Воззвания произвели сильнейшее впечатление. Рабочие и солдаты жадно читали и перечитывали их, передавая украдкой друг другу. Многие из них попали за это в тюрьму. Как и следовало ожидать, был задержан и я. «Задержать» — особый остроумный прием итальянской полиции, применяемый в целях «обезвреживания» данного лица. Вас могут задержать на неопределенное время в тюрьме без допроса и затем выпустить без объяснений. Объяснение я, впрочем, получил. Комиссар, ругаясь, грозил:

— Вы никак не можете угомониться! Я засажу вас надолго за решетку! Иначе с меня же взыщут! — Затем, смягчив тон, спросил: — Надо сознаться, ловко сделали… Теперь, когда вы уже отбыли наказание, и мы вас больше не задерживаем, скажите мне, откуда, черт возьми, появились эти воззвания?

— Почему вы обращаетесь ко мне с этим вопросом? Я их не видел.

— Не притворяйтесь!.. И он снова озлился.

— Я говорю вам, что вас интернируют, вы кончите этим!

И с этой угрозой он отправил меня домой.

Интернирование тоже было особым приемом «обезвреживания»; применялось оно только по отношению к иностранцам и социалистам. Многие из наших товарищей уже были интернированы: в Сардинии, на маленьких островках, в горах.

Глава XII

«Военно»- и «мирнопленные»

Стали появляться первые военнопленные. Грязные, оборванные, голодные. Когда я увидел первый эшелон, мне сначала показалось, что привезли скот, тем более, что их, как и наших солдат, везли в вагонах для перевозки скота: «40 человек, 8 лошадей», но их грузили намного больше сорока и развозили по самым глухим уголкам полуострова. Они производили тяжелое впечатление. Я ни разу не видел, чтобы кто-нибудь из рабочих смеялся или издевался над ними, несмотря на то что интервентистские газеты усиленно разжигали ненависть «к врагу». Они проходили по улицам города: жалкие, согнутые фигуры вконец замученных людей, в сопровождении немногих солдат из запасных, негодных для фронта. Победители и побежденные мало отличались друг от друга: те же лохмотья, тот же усталый шаг, тот же печальный взгляд, точно смотрящий в пустоту.
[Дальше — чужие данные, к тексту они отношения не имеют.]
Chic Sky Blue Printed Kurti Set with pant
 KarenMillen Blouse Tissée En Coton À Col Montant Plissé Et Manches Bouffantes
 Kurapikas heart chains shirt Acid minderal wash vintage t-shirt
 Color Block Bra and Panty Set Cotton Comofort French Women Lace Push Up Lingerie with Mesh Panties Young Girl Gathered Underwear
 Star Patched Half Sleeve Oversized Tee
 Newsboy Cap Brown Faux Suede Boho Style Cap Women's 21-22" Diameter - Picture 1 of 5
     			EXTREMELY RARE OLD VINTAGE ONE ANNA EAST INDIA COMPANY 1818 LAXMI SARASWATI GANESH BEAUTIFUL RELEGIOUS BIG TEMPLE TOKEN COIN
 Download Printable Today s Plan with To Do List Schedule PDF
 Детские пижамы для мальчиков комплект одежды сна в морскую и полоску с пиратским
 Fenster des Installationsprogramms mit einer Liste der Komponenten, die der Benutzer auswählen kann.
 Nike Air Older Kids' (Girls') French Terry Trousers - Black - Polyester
Несколько тысяч пленных разместили у нас в Фоссано. Жили они в деревянных бараках, работали и за это получали черный хлеб и похлебку. Мы немногим могли помочь им. Наших солдат строго наказывали, если замечали их сношения с пленными, а тем более помощь… врагам. Помню, как-то я поместил в нашем журнале некролог на одного умершего австрийца. Муссолини в «Пополо д’Италиа» с пеной у рта накинулся на нас за это. Статья его, конечно, была перепечатана всеми газетами и газетками интервентистов. Началась усиленная слежка. Трудно было общаться из-за незнания языка: немцы, венгры, хорваты, болгары… Ну, как заговорить с ними? Все же мы находили способы общения с пленными. И даже преодолевали трудности языка. Разыскали переводчиков, обратились к помощи пишущей машинки и пересылали им прокламации партии с призывом к заключению мира.